What you will do »
Begin at the line below that holds "For example, you" and end at the line that holds "And then this", transcribing each line exactly and skipping any picture.

Exercise materials »
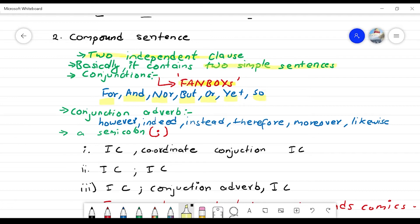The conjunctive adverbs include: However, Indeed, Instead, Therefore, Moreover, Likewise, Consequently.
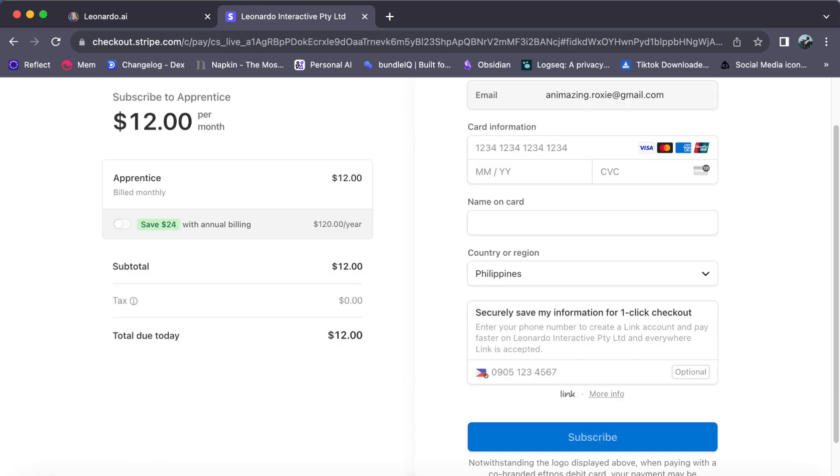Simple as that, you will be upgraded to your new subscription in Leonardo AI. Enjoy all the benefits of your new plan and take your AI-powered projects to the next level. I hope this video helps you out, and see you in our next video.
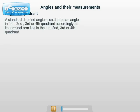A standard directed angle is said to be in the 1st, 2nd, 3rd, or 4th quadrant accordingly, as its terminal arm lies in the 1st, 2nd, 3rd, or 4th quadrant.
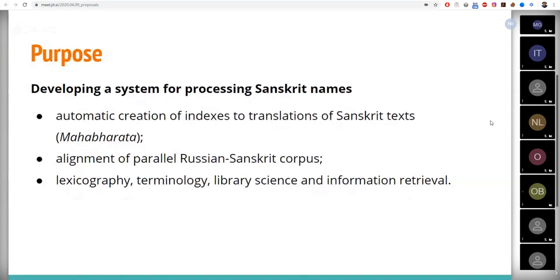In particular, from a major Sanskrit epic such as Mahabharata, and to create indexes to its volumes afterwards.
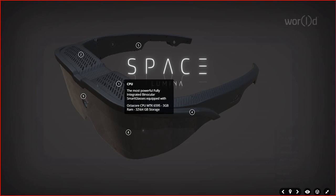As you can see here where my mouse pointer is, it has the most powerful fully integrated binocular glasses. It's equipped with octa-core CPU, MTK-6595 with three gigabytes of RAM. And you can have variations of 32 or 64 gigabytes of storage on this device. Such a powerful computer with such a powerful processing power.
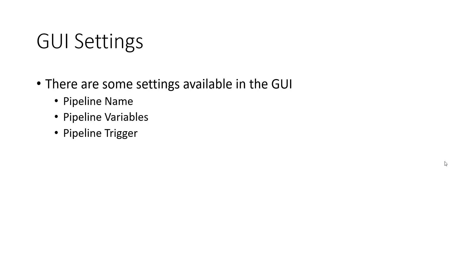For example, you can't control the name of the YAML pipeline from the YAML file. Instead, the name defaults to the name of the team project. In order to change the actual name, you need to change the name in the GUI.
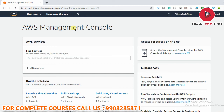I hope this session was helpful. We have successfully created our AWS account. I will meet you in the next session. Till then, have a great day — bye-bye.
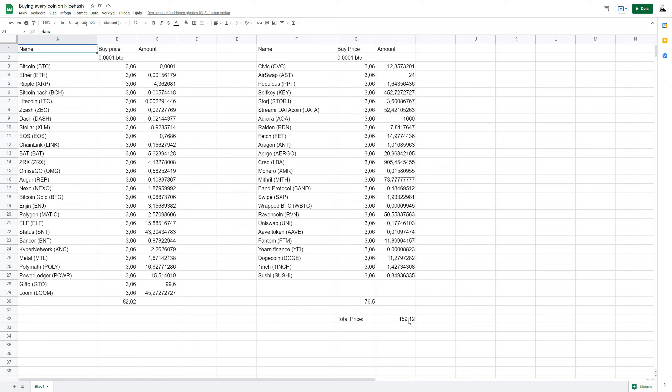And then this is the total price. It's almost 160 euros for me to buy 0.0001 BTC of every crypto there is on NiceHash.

* * *

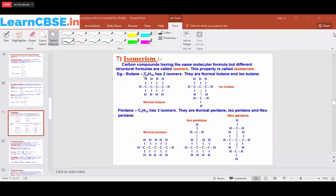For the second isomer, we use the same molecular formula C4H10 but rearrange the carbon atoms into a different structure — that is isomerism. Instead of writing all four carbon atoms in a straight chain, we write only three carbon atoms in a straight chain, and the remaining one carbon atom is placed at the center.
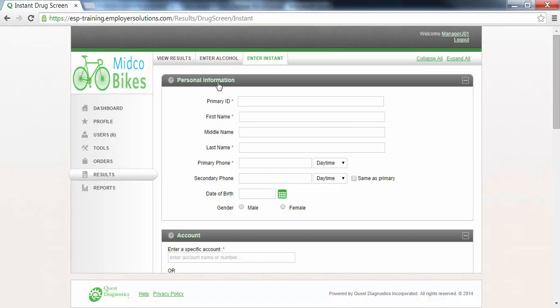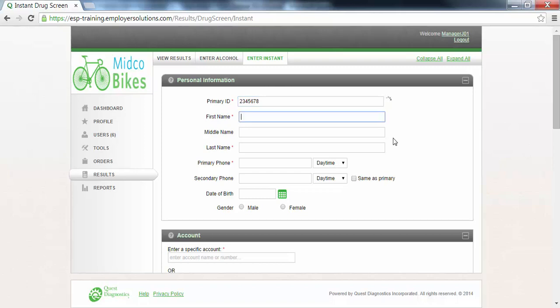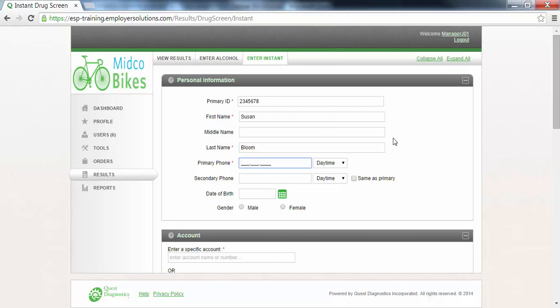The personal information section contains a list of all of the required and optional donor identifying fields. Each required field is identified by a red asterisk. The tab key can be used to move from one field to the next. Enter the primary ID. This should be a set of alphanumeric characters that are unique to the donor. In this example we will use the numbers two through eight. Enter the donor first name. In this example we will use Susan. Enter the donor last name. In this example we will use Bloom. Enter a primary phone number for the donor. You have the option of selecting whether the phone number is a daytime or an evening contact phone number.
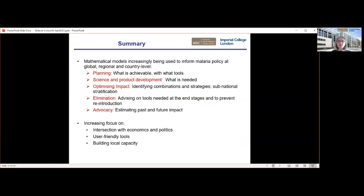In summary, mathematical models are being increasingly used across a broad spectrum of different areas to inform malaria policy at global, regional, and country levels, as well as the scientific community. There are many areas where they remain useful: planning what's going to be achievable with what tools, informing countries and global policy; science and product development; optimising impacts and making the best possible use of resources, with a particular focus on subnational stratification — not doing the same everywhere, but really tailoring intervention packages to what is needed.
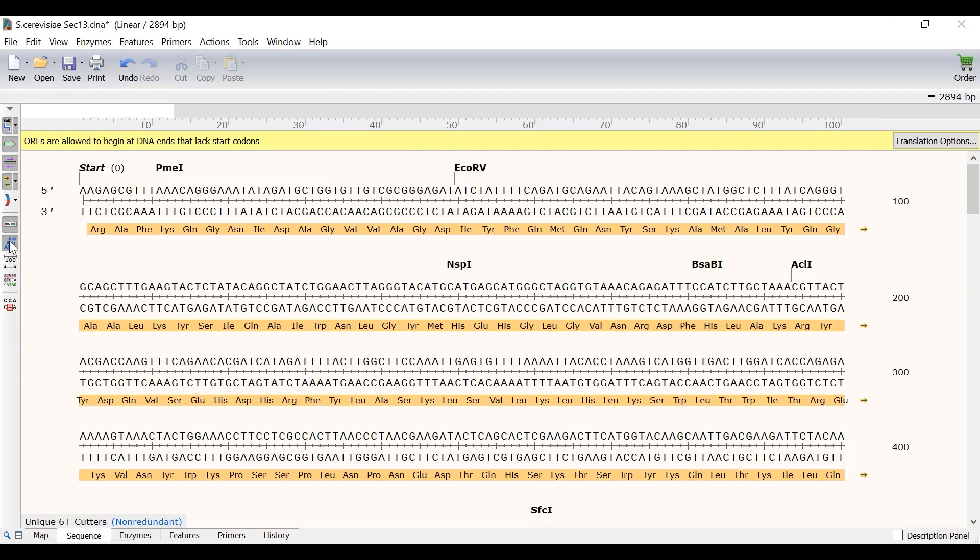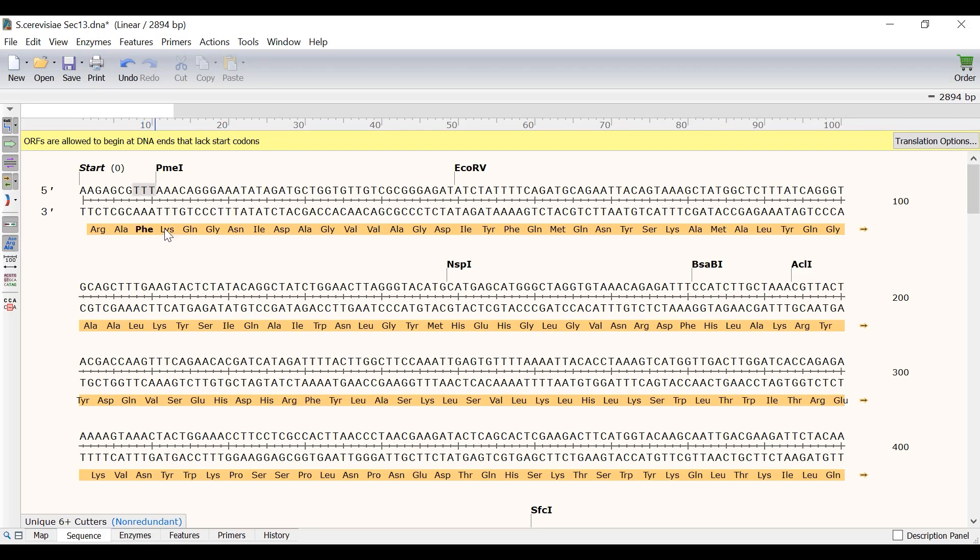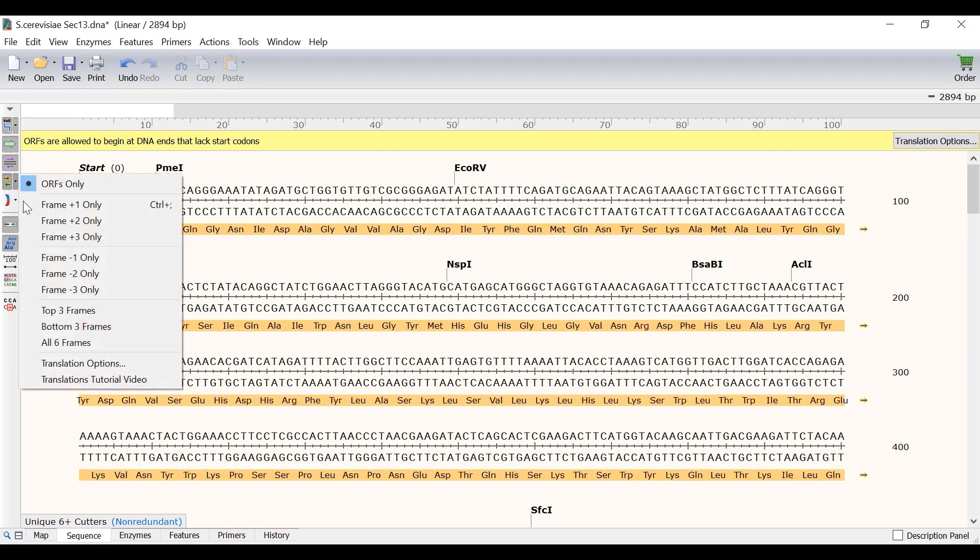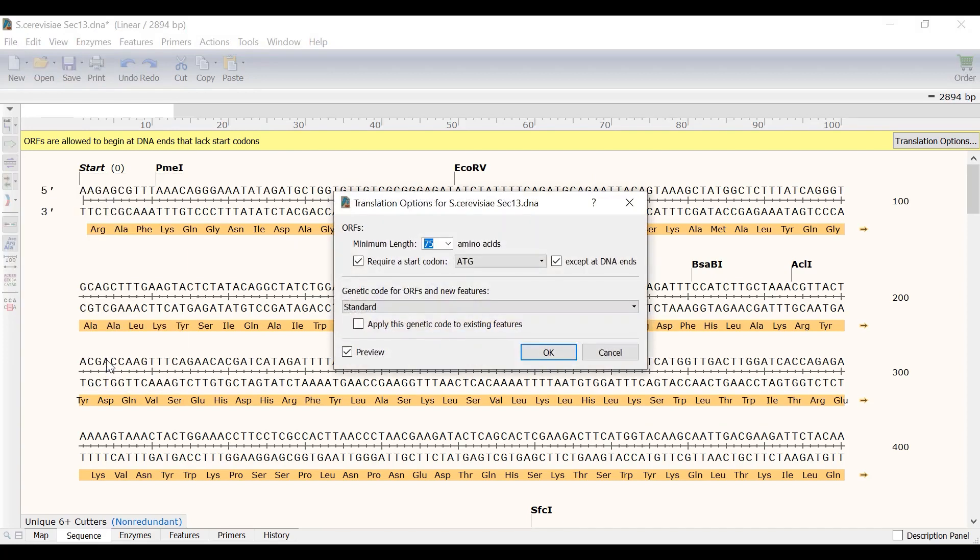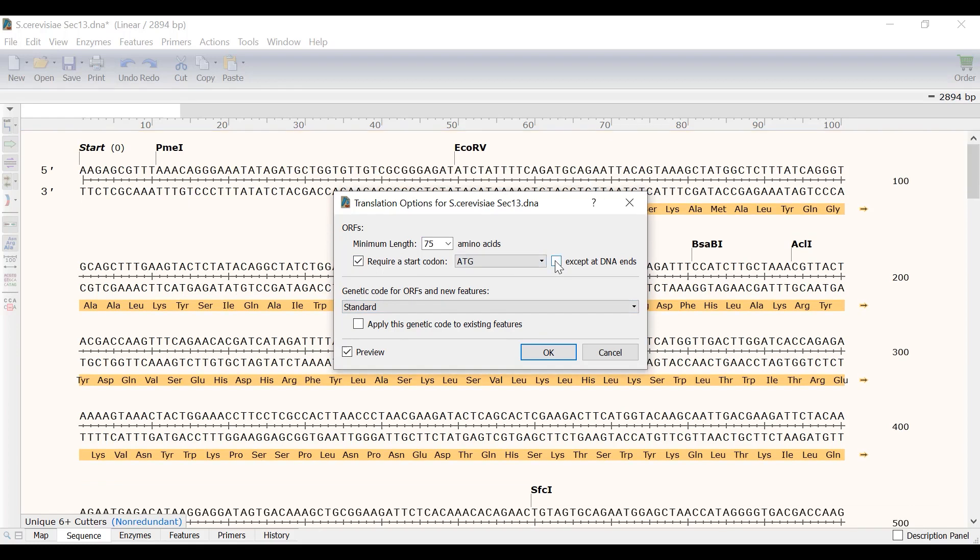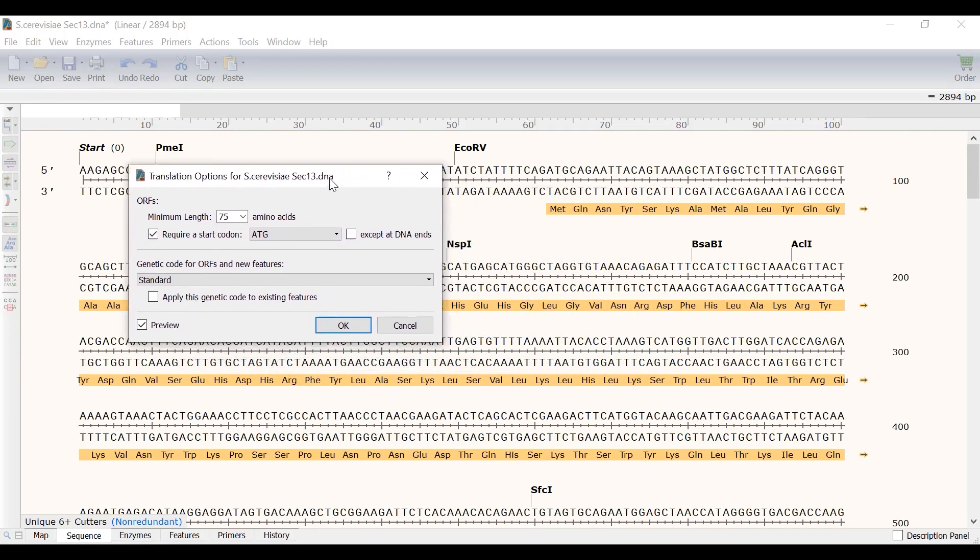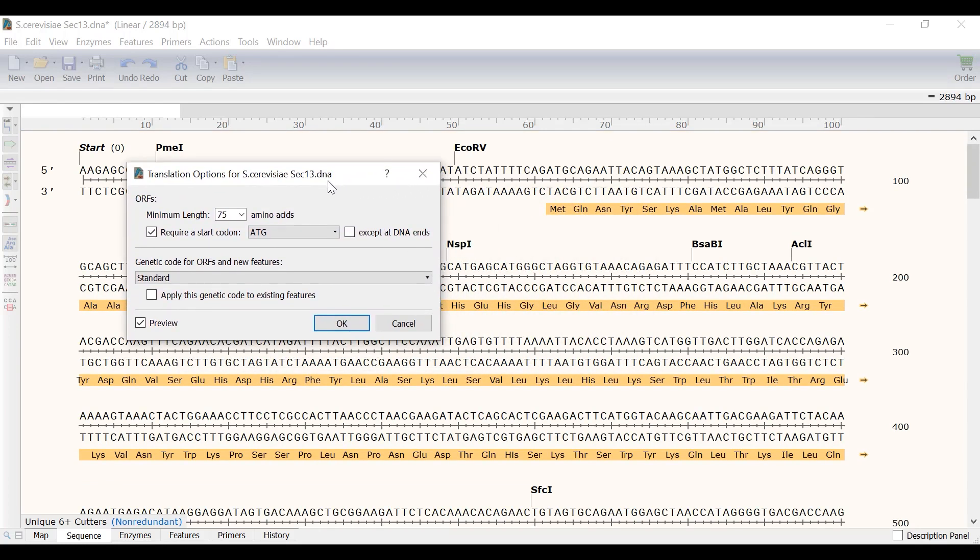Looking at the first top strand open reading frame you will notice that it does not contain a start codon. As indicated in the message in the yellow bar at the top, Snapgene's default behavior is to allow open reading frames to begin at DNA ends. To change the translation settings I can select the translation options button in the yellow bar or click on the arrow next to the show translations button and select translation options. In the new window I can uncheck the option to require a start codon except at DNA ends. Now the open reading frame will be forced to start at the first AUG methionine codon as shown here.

Expected answer »
For example, you can't control the name of the YAML pipeline from the YAML file. Instead, the name defaults to the name of the team project. In order to change the actual name, you need to change the name in the GUI.
I hope this session was helpful. We have successfully created our AWS account. I will meet you in the next session. Till then, have a great day — bye-bye.
And then this is the total price. It's almost 160 euros for me to buy 0.0001 BTC of every crypto there is on NiceHash.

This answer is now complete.